Scan the listing below and copy each line holding the word "Class".

▶ _DATA SHOWN_:
<<<<
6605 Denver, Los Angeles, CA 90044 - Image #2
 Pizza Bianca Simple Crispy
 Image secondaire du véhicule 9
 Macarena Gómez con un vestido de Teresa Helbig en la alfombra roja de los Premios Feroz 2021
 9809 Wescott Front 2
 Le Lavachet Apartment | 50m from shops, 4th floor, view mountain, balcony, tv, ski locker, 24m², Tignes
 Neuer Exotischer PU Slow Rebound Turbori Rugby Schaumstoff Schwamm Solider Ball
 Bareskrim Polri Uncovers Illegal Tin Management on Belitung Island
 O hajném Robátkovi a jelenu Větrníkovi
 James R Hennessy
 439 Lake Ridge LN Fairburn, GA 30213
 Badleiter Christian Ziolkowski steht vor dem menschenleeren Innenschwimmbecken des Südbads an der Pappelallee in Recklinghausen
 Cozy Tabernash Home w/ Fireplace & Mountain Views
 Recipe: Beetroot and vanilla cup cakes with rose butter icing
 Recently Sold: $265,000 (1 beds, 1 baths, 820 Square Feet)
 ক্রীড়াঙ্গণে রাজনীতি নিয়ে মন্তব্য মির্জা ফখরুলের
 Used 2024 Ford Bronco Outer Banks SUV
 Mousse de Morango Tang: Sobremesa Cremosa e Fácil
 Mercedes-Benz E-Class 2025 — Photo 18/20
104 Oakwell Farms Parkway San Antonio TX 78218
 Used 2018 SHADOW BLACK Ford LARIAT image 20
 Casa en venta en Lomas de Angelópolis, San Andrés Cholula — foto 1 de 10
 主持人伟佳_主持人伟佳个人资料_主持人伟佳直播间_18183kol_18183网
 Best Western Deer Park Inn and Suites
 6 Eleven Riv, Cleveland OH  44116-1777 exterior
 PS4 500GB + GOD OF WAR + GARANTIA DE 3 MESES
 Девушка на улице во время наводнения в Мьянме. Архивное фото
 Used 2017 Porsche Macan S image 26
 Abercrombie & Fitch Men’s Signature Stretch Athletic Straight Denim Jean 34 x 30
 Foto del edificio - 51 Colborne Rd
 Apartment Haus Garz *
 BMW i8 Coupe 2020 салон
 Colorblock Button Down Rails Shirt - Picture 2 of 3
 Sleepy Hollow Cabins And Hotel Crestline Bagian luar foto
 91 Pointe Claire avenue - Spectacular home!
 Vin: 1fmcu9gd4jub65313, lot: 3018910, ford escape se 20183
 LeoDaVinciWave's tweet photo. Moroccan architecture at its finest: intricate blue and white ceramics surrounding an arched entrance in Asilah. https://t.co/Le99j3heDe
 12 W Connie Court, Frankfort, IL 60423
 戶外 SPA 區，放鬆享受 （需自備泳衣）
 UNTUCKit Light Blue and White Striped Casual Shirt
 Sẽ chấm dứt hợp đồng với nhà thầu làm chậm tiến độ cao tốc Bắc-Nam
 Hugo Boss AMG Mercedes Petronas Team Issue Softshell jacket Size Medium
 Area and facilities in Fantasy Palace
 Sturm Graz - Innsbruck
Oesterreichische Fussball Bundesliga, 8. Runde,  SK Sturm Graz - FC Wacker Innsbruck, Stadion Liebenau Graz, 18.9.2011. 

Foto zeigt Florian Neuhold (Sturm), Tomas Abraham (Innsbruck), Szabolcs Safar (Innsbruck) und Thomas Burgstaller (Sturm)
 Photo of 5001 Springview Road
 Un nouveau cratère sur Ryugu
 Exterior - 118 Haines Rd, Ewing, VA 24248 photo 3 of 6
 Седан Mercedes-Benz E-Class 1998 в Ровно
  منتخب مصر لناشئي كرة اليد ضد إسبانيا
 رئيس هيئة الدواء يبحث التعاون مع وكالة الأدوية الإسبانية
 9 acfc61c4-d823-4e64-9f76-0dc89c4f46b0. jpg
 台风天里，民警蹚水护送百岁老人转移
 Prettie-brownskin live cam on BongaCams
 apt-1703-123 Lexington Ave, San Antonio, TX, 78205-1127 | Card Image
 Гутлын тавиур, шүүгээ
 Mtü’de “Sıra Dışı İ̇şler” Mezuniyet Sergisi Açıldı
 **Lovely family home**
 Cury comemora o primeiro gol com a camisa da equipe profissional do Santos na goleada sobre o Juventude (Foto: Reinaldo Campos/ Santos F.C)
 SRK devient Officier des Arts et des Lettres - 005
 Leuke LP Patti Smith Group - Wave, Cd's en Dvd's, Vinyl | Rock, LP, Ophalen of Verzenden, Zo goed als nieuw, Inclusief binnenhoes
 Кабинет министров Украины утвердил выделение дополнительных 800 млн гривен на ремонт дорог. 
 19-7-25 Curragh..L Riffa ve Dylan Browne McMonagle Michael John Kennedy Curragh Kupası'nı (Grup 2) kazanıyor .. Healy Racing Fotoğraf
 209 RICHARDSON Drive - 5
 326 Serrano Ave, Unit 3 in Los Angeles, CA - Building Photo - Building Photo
>>>>
▶ _ANSWER TO THIS TASK_:
 Mercedes-Benz E-Class 2025 — Photo 18/20
 Седан Mercedes-Benz E-Class 1998 в Ровно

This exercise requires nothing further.